Your goal>
Reproduce every entry that follows word for word, but omit the images.

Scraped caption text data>
━━━━━━━━━━━━━━━━━━━━━━━━━━━━━━

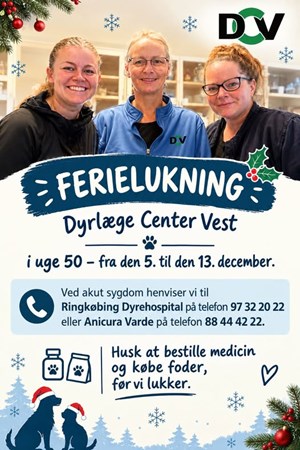 opslagsbillede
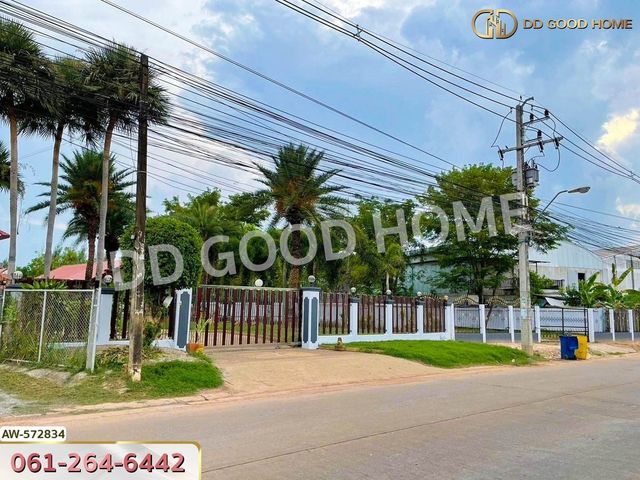 place photo 11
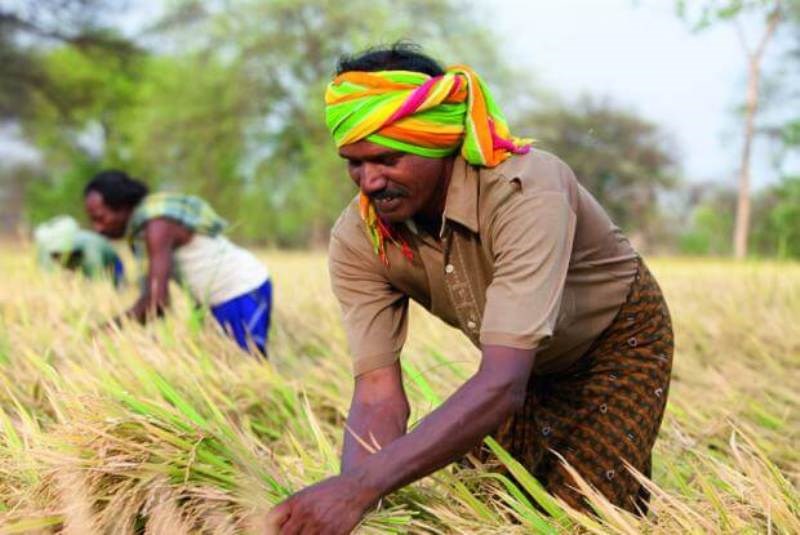 PM Fasal Bima Yojana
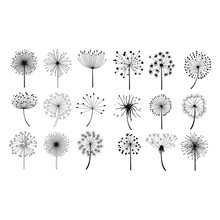 Dandelion Fluffy Seeds Flowers Set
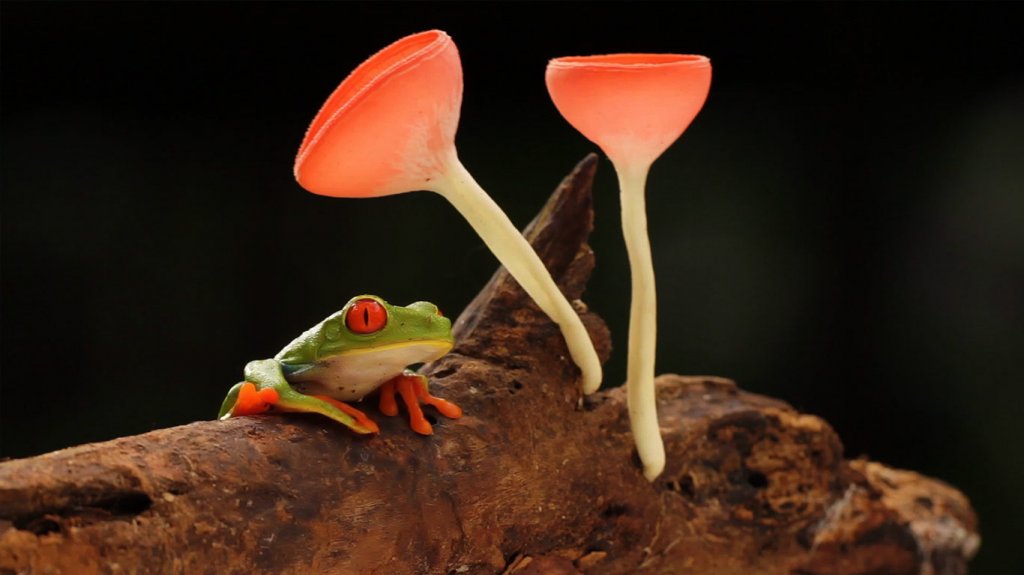 FrogMushrooms.jpg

━━━━━━━━━━━━━━━━━━━━━━━━━━━━━━

Answer for the task>
 opslagsbillede
 place photo 11
 PM Fasal Bima Yojana
 Dandelion Fluffy Seeds Flowers Set
 FrogMushrooms.jpg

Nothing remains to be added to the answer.